Pessoa a abrir cortinas numa sala com móveis e vista para árvores e edifícios ao entardecer.

Entre o sol de primavera da tarde e as noites mais frescas, abre-se em muitas casas uma diferença cara: a divisão arrefece depressa demais, enquanto os preços da energia continuam elevados. Uma rotina muito simples, a partir de cerca das 19h45, recomendada por especialistas em energia no Reino Unido, também pode ajudar no espaço lusófono a baixar a fatura do aquecimento - sem tecnologia nova, apenas com um gesto nos cortinados.

Porque é que os cortinados devem fechar por volta das 19h45

Por volta de meados de março, a rotina diária começa a mudar: fica claro durante mais tempo e o sol da tarde aquece mais as salas e os quartos. Do ponto de vista energético, isso é vantajoso - desde que não se deixe esse calor sair logo pela janela.

Quem fecha os cortinados de forma consistente por volta das 19h45 mantém o calor acumulado durante o dia mais tempo dentro de casa e alivia, assim, o sistema de aquecimento.

A explicação é bastante direta: mesmo em edifícios modernos, as janelas continuam a ser o ponto mais fraco da envolvente da casa. O vidro isola pior do que uma parede com isolamento, e durante a noite os vidros arrefecem muito. Assim que o sol desaparece, o efeito inverte-se: a janela passa a transferir o calor do interior para o ar frio exterior.

A partir de meados de março, o pôr do sol ocorre em muitas regiões por volta das 19h45 ou pouco antes. Esse horário funciona bem como regra prática: até aí, os raios solares ainda ajudam a aquecer; depois disso, a perda de calor através do vidro passa a ser predominante.

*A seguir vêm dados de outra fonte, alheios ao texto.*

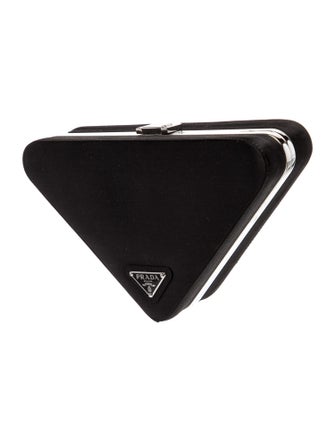 Prada Enameled Metal Triangle Pouch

Fechar os cortinados nesse momento trava essa fuga.

A física por trás: os cortinados como “segunda janela”

Um cortinado não substitui o isolamento, mas funciona como uma camada extra e fina entre o ar da divisão e o vidro. Isso cria uma espécie de almofada de ar que abranda a transferência de calor.

Um tecido denso diante da janela reduz a saída de calor para o exterior - uma intervenção pequena com um efeito claramente perceptível no conforto térmico da casa.

Quanto mais frias forem as noites, mais notória é a diferença: as divisões onde os cortinados são fechados cedo mantêm-se quentes durante mais tempo, ao passo que as superfícies envidraçadas sem proteção se transformam em “armadilhas de frio”. Se, depois disso, se mexer no termóstato, o impacto aparece diretamente na conta da energia.

Que cortinados realmente fazem diferença

Nem todos os tecidos têm o mesmo desempenho. Cortinas finas e decorativas servem sobretudo para efeito visual. Para um resultado sentível, é preciso mais material.

O que deves procurar nos cortinados

  • Espessura do tecido: materiais pesados e densos retêm o calor muito melhor do que tecidos leves e transparentes.
  • Cortinados térmicos ou opacos: modelos com várias camadas, revestimento especial ou forro oferecem um efeito isolante claramente superior.
  • Comprimento: os cortinados devem cobrir toda a área da janela até pouco acima do chão, sem ficar sobre o radiador.
  • Largura: uma largura generosa ajuda o tecido a fechar bem também nas laterais, evitando zonas frias nas extremidades.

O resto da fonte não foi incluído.